The preceding observations offer insight into predicting the proportion of species at which the transitions between phases occur. Beginning with the transition between Phases I and II, the condition \({\upsilon }_{p}/{\sigma }_{p}\lesssim 2\) implies that the species whose centres lie within a distance smaller than \(2{\sigma }_{p}\) of the focal point contribute to Phase I. If the centres of the ranges for each species are uniformly randomly distributed, and if we denote then the number of the species with centres inside the circle of radius 2\({\sigma }_{p}\) of the focal point by S_P(I-II), then the corresponding proportion of species is given by \({S}_{{MP}(I-{II})}=\frac{{S}_{P(I-{II})}}{{S}_{T}}=\frac{\pi {\left(2{\sigma }_{p}\right)}^{2}}{{A}_{T}}\). Thus, once \({S}_{P(I-{II})}\) species have been observed, the subsequent species detected are those contributing to Phase II. In other words, \({S}_{P(I-{II})}\) marks the transition from Phase I to Phase II. Employing a similar reasoning but with condition \({\upsilon }_{p}/{\sigma }_{p}\lesssim 4\), leads to the proportion of species \({S}_{{MP}\left({II}-{III}\right)}=\frac{{S}_{P({II}-{III})}}{{S}_{T}}=\frac{\pi {\left(4{\sigma }_{p}\right)}^{2}}{{A}_{T}}\), signalling the onset of Phase III. \({S}_{P(I-{II})}={{S}_{T}S}_{{MP}(I-{II})}\) and \({S}_{P({II}-{III})}={{S}_{T}S}_{{MP}({II}-{III})}\) are depicted by horizontal lines in Fig. 2a.
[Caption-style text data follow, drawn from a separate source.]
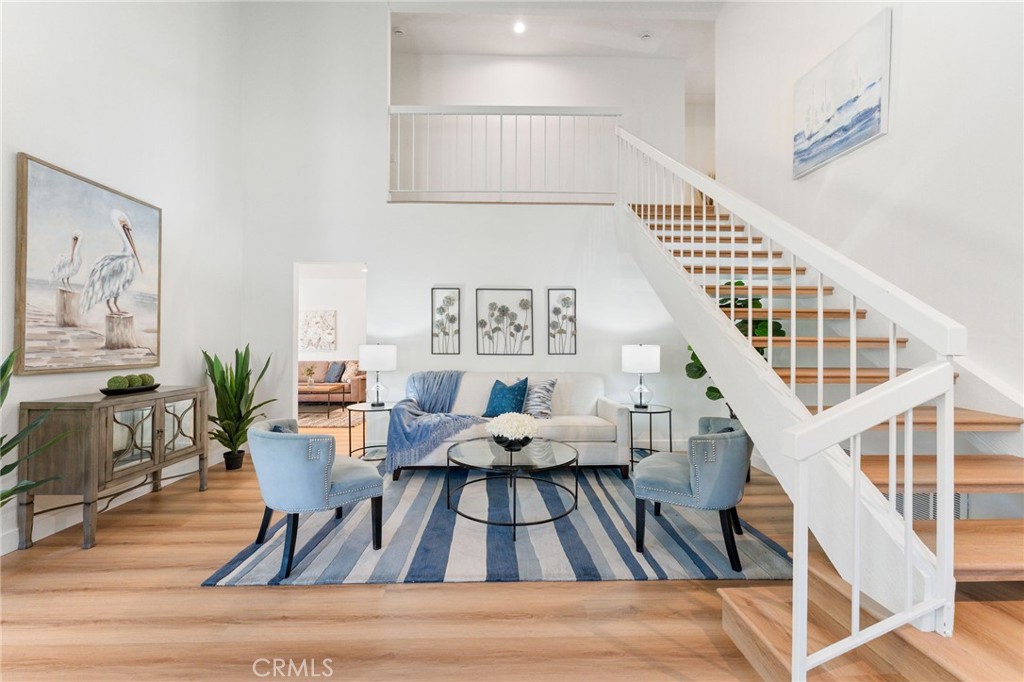 a view of entryway livingroom and hall with wooden floor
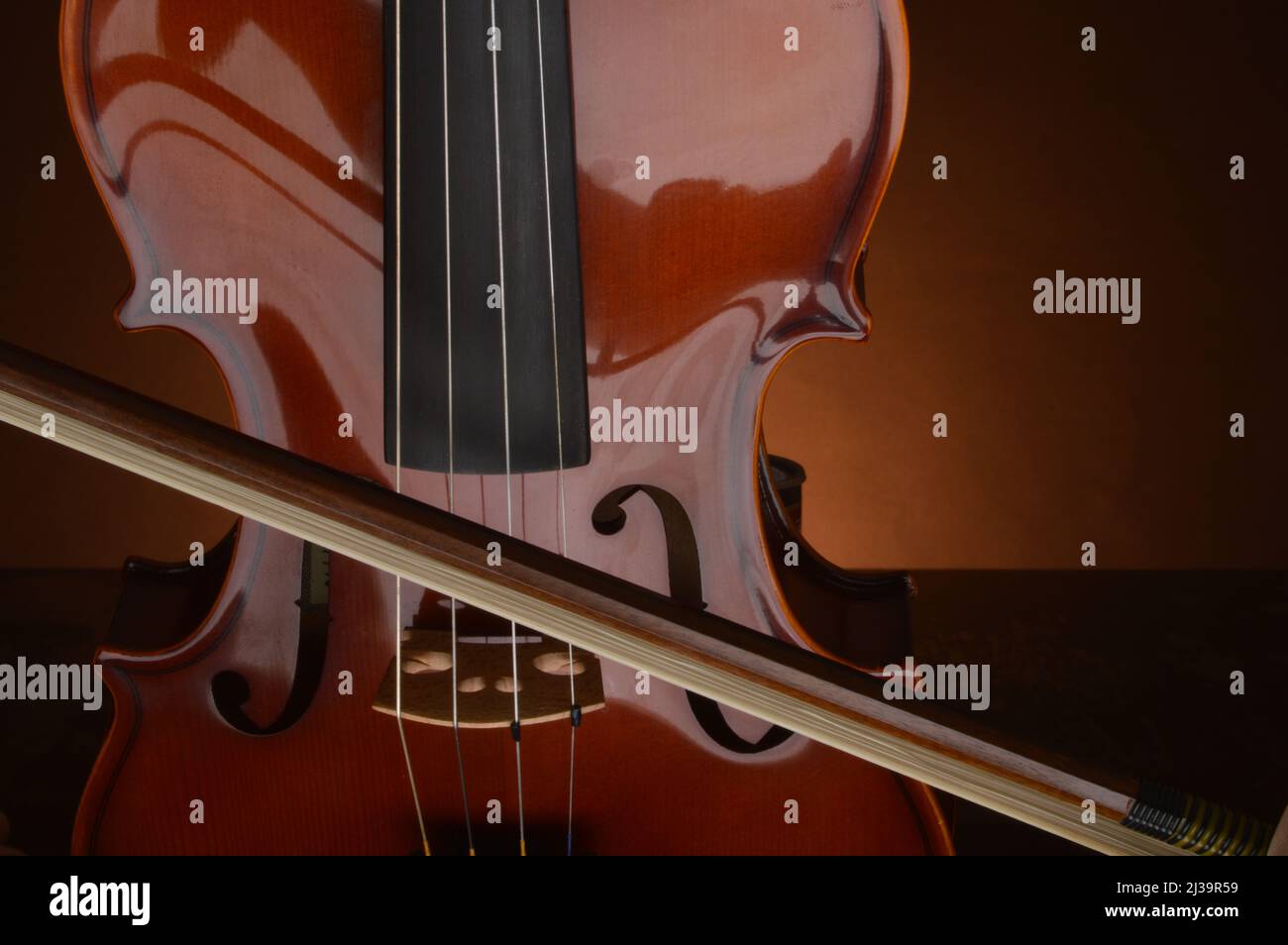 Close up of violin, bow, bridge, 'F holes' and finger board Stock Photo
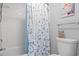 This bathroom is clean and modern with a white tile shower and calming, pale-blue walls at 503 20Th Ave. N # 55B, North Myrtle Beach, SC 29582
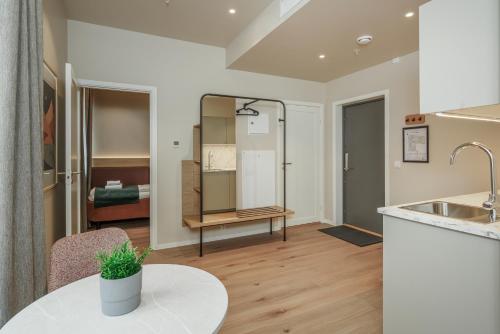 a living room with a sink and a table at MAYA Apartments - Vika in Oslo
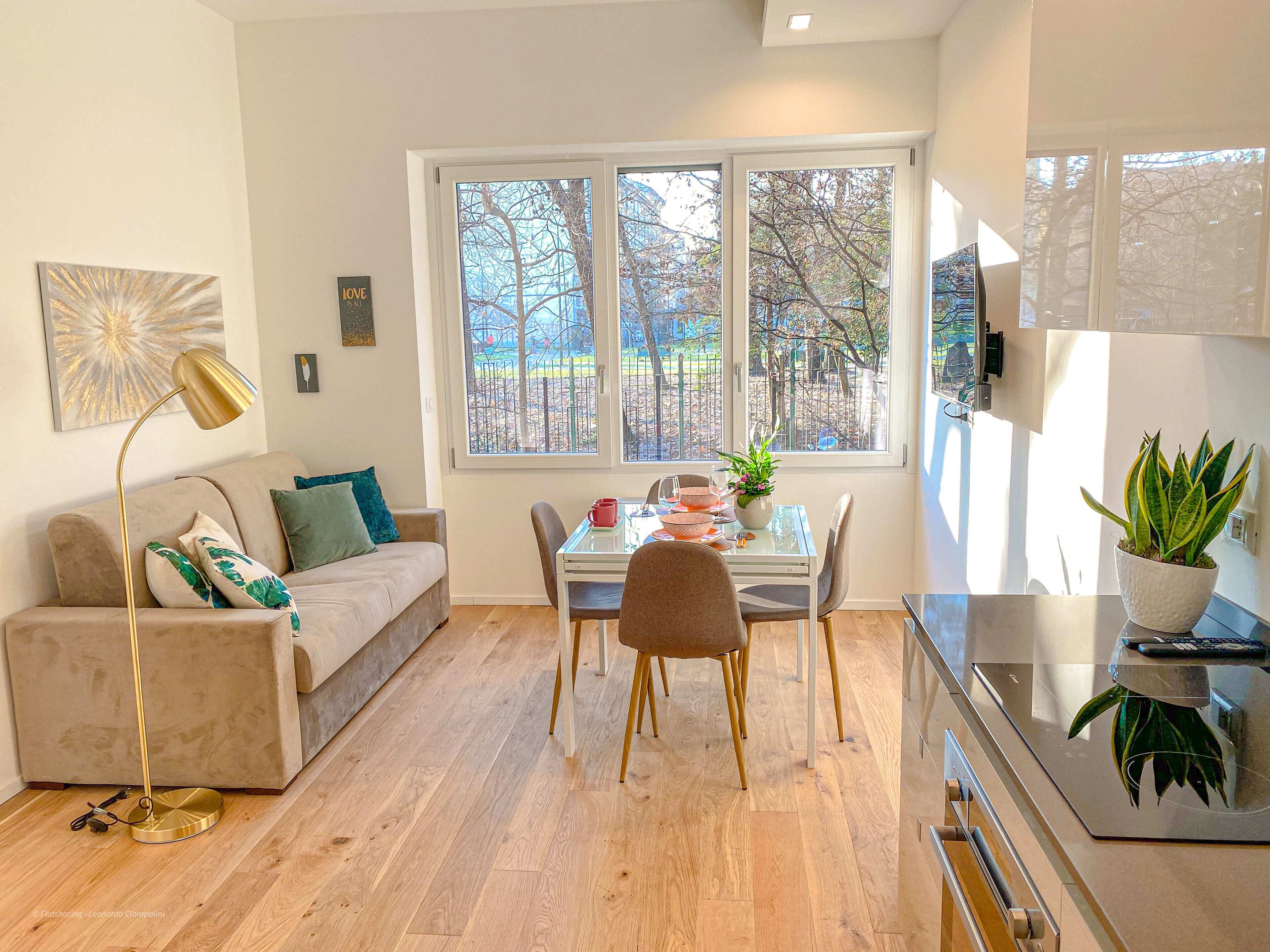 A modern living room with a sofa, a dining table, chairs, a floor lamp, and a view of trees through large windows.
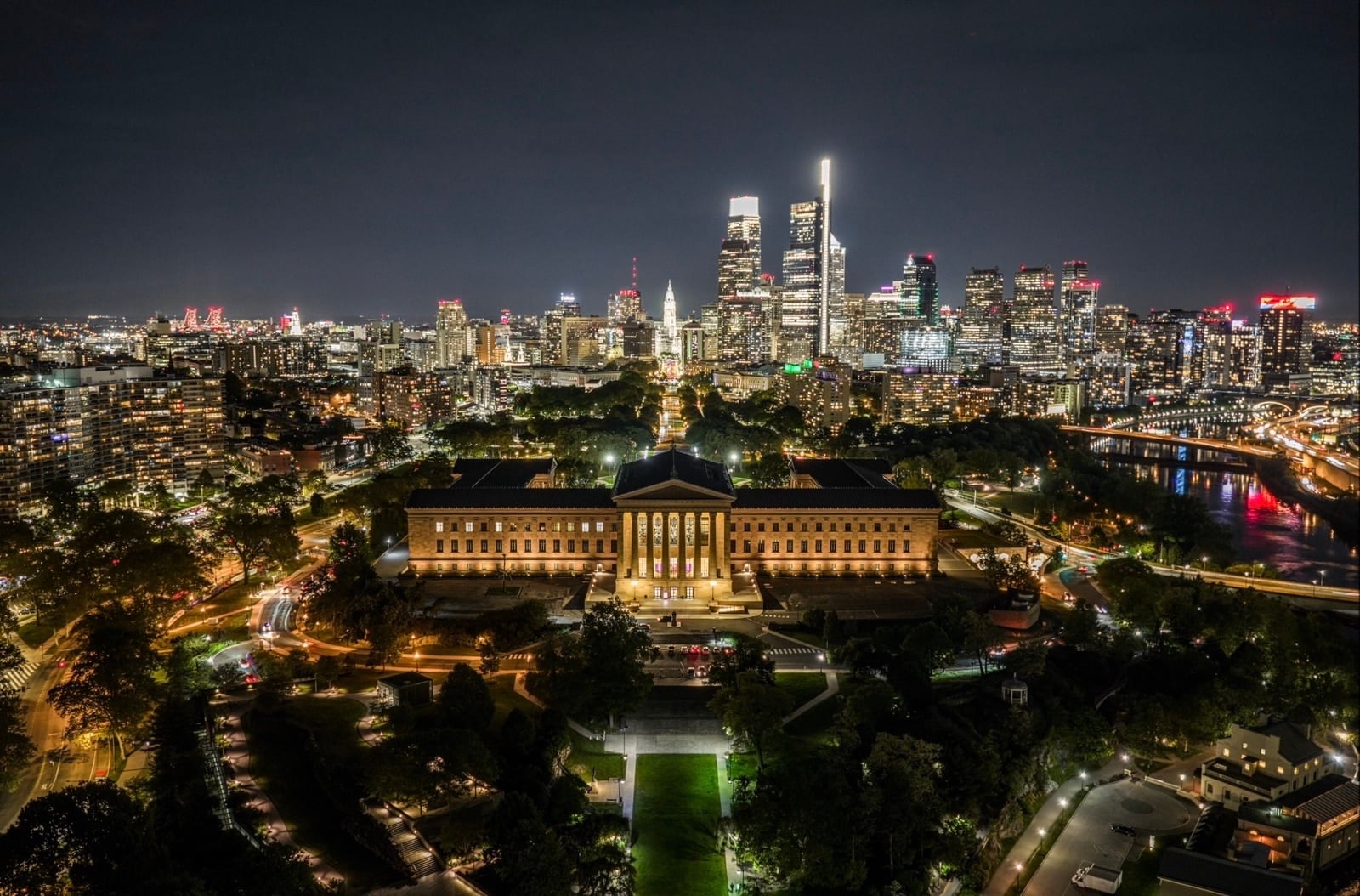 The floodlit Philadelphia Museum of Art glows below the city skyline after dark.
The simulations were performed assuming that all species' ranges were of the same size and spatially uniformly randomly distributed. In more general terms, the problem can be formulated as follows. Let \({f}_{{\upsilon }_{p}}\left(r,\phi \right)\) be the probability density function of the spatial distribution of the ranges’ centres, υ_p. Then, given a segment of a ring of width dr and angle dϕ at a distance r from the focal point, the proportion of species within it potentially contributing to a phase corresponds to those whose range centres, υ_p, fall within the segment of the ring \({f}_{{\upsilon }_{p}}\left(r,\phi \right)d\phi {dr}\). However, from these, only the species whose ranges have width w = 2σ_p or w = 4σ_p larger than r will contribute to \({s}_{P(I-{II})}\), or \({s}_{P({II}-{III})}\), respectively. This fraction of species is given by the probability \({\mathbb{P}}\left(w > r,|,r,\phi \right)\). Therefore, the proportion of species at a transition is given by

$${S}_{{MP}}=\frac{{S}_{P}}{{S}_{T}}=\int\limits_{0}^{{R}_{T}} \int\limits_{0}^{{2}_{\pi}} {\mathbb{P}}\left(w \, > \, r |,r,\phi \right) \, {f}_{{\upsilon }_{p}}\left(r,\phi \right)d\phi {dr},$$

(3)

where R_T the radius of the entire region. When w = 2σ_p, or w = 4σ_p, we retrieve \({s}_{P(I-{II})}\) or \({s}_{P({II}-{III})}\), respectively (in Supplementary Note 5 we elaborate on this formula for specific cases and discuss the properties of S_MP; see, in particular, Fig. S12).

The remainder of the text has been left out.